Le film « suit » le guitariste durant deux périodes distinctes : premièrement en 2011, alors qu’il enregistre son nouvel album pour le mythique label de production ECM et enchaîne les concerts, dont beaucoup sont improvisés. La deuxième partie se concentre sur des motifs similaires, mais cette fois en 2021, en pleine pandémie. Si, tel que mentionné, la trame narrative tourne beaucoup autour de Bro, c’est surtout parce qu’il s’agit d’une excellente occasion pour le réalisateur de montrer son incroyable entourage, qui est composé de grandes légendes du jazz. Il est particulièrement intéressant de voir les interactions entre Jakob et Lee Konitz, saxophoniste légendaire pour avoir participé étroitement aux sessions studio de Birth of Cool de Miles Davis, qui donna naissance au genre éponyme (cool jazz). Konitz, mort en 2020 de complications liées à la COVID-19, est le plus vieux musicien du documentaire, et il est intéressant de le voir interagir avec une génération de musiciens plus jeunes, dans un style plus expérimental. C’est d’ailleurs lui qui donne le nom au film dans un incident relaté par Bro, ce dernier expliquant que Konitz n’avait souvent aucune idée de la musique qu’il allait jouait, se contentant d’improviser et espérer que Jakob aime.
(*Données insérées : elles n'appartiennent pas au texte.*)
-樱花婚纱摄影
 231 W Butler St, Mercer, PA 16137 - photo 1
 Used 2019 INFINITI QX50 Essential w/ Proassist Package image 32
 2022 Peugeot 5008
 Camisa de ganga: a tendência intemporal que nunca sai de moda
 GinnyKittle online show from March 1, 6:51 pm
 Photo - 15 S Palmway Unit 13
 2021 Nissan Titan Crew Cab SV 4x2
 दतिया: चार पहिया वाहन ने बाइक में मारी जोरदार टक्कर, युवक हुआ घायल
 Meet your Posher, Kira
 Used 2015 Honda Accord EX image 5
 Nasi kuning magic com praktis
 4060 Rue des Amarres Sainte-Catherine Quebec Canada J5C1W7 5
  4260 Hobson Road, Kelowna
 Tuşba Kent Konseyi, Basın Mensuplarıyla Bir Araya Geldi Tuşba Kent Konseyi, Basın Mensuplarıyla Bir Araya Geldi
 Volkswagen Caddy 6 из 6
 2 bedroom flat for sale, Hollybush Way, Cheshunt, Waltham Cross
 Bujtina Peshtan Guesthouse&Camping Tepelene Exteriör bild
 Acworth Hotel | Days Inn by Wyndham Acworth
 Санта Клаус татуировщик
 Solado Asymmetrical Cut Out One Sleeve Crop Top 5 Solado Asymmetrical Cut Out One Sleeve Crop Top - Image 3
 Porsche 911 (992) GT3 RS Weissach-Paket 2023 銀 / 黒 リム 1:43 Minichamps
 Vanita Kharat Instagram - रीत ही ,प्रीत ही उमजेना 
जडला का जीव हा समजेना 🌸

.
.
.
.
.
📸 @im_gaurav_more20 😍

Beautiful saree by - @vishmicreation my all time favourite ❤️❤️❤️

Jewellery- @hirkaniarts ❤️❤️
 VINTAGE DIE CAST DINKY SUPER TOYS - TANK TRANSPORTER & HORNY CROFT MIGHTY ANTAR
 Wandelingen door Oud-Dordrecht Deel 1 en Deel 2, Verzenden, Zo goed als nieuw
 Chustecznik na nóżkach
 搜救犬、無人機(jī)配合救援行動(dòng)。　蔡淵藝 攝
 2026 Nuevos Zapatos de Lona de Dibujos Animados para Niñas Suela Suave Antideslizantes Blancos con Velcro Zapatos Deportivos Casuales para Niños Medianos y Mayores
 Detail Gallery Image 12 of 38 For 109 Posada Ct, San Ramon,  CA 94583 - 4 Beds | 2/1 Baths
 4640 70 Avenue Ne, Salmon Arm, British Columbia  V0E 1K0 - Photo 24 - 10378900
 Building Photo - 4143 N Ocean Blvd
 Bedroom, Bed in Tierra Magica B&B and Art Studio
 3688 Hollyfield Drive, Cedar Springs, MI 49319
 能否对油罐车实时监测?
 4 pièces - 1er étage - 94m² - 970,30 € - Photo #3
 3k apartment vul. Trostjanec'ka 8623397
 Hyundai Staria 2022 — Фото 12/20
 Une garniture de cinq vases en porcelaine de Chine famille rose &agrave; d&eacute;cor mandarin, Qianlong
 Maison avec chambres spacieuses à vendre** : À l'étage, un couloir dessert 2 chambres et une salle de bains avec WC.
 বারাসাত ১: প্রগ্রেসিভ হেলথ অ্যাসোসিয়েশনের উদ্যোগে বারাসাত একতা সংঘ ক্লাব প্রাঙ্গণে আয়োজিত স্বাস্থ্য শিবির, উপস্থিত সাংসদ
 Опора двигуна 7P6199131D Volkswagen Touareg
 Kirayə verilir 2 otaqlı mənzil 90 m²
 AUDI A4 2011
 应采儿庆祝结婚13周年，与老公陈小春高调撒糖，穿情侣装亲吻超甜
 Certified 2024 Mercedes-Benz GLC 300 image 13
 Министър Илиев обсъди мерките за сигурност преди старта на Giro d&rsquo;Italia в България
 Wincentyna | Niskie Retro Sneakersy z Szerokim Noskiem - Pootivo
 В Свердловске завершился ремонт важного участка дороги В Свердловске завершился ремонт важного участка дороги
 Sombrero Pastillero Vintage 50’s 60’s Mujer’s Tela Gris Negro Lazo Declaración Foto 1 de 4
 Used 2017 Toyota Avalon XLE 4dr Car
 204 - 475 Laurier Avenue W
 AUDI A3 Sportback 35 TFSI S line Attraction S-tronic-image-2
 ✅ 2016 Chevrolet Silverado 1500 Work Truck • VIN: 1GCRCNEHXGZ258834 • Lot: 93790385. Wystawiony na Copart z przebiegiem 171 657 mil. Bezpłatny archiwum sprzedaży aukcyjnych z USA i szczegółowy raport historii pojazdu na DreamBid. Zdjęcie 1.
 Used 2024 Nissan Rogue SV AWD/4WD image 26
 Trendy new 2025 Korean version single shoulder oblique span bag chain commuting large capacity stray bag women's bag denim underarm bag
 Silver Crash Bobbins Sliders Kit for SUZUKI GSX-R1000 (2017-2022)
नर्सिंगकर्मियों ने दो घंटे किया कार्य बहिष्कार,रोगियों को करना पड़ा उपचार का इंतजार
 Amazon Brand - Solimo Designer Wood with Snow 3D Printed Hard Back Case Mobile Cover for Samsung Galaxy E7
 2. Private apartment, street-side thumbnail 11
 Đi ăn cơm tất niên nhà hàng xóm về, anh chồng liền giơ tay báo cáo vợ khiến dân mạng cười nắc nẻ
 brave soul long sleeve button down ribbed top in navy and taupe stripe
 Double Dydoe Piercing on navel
Au niveau formel, rien n’étonne, mais rien n’a besoin d’étonner. À son niveau le plus simple, le film n’est qu’une série de portraits et d’entrevues entrecoupées de performances musicales en studio ou en concert. Cependant, là où cela indiquerait souvent un manque d’imagination, ici la simplicité joue à son avantage. Loin des distractions visuelles, nous pouvons nous concentrer sur ce que disent les musiciens et les réponses (très) abstraites aux questions intentionnellement vagues et existentielles posées par les réalisateurs. Ces derniers sont d’ailleurs visiblement très proches de leurs sujets, les ayant filmés durant plusieurs années, et ils peuvent en retour réellement s’ouvrir à la caméra de manière naturelle.
En somme, Music for Black Pigeons représente un effort accessible et sûr de la part de ses réalisateurs, mais il aiderait tout de même d’avoir un certain intérêt envers le jazz avant de s’y lancer.